San Francisco Chronicle – Some Californians could pay more for homeowners insurance or have their policies not renewed as a result of wildfires that swept the state this summer, state Insurance Commissioner Dave Jones said last week.
“I would anticipate that we will see an increase in non-renewal letters,” Jones told Sacramento’s KCRA-TV when he was visiting victims of the Butte fire. “We just went through the seventh-worst and third-worst fire in California’s history. It stands to reason insurance companies are looking closely at what the risks are.”
KCRA interviewed Phil Stokes of Shingle Springs, who received a letter from Liberty Mutual saying his policy was not being renewed due to “unacceptable risk for wildfire.” The letter cited concerns about flammable vegetation, wind patterns and accessibility.

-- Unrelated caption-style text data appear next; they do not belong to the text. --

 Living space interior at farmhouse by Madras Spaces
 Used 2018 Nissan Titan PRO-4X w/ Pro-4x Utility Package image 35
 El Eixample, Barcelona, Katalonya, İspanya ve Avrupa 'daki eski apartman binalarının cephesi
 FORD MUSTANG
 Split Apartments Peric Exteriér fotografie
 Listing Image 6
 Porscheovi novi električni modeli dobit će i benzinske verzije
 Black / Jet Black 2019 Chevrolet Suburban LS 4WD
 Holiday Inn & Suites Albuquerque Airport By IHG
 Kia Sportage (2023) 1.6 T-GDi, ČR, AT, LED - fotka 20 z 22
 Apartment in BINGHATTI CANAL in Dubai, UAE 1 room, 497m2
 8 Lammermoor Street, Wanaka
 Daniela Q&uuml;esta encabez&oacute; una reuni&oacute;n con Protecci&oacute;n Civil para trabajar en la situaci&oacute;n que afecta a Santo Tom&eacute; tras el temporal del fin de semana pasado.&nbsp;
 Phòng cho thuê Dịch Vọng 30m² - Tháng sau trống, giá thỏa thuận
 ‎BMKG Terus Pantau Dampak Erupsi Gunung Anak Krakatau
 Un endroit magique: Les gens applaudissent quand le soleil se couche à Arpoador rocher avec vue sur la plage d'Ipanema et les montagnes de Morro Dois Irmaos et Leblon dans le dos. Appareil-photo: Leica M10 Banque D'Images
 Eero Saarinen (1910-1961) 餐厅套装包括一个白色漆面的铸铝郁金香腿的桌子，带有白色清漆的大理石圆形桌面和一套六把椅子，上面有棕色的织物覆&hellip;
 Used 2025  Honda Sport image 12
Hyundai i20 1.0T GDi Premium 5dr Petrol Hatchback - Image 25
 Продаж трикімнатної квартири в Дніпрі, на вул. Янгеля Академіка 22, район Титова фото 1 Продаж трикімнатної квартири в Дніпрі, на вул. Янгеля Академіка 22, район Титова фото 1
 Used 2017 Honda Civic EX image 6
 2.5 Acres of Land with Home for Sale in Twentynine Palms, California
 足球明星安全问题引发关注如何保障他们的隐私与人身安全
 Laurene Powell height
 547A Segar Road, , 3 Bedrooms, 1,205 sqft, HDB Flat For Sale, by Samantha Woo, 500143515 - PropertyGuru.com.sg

Liberty did not provide a response to KCRA or The Chronicle.
So far, non-renewals do not appear to be widespread. Consumer group United Policyholders has “heard rumblings,” but “we don’t have a full-blown crisis on our hands by any stretch yet,” said its executive director, Amy Bach. Still, “between the drought and the Rocky, Butte and Valley wildfires, we expect to see some constriction in the marketplace.”
With auto insurance, Proposition 103 requires companies to cover anyone who qualifies as a good driver under California law. No such law applies to homeowners insurance, where companies “are free to decide what level or type of risk they want to write,” said Joel Laucher, the insurance department’s deputy commissioner for rate regulation.
Under the Unruh Civil Rights Act, companies cannot refuse to sell homeowners insurance or charge higher premiums based on a person’s marital status, sex, race, color, national origin, religion or ancestry.
But they could decide to insure only homes that are no more than 10 years old, which could wipe out large swaths of urban areas, Laucher said. Or they could insure homes only in areas with an ISO Public Protection Classification of one through four. ISO is a company that rates communities on a scale of one best) to 10 worst) based on their municipal fire protection efforts.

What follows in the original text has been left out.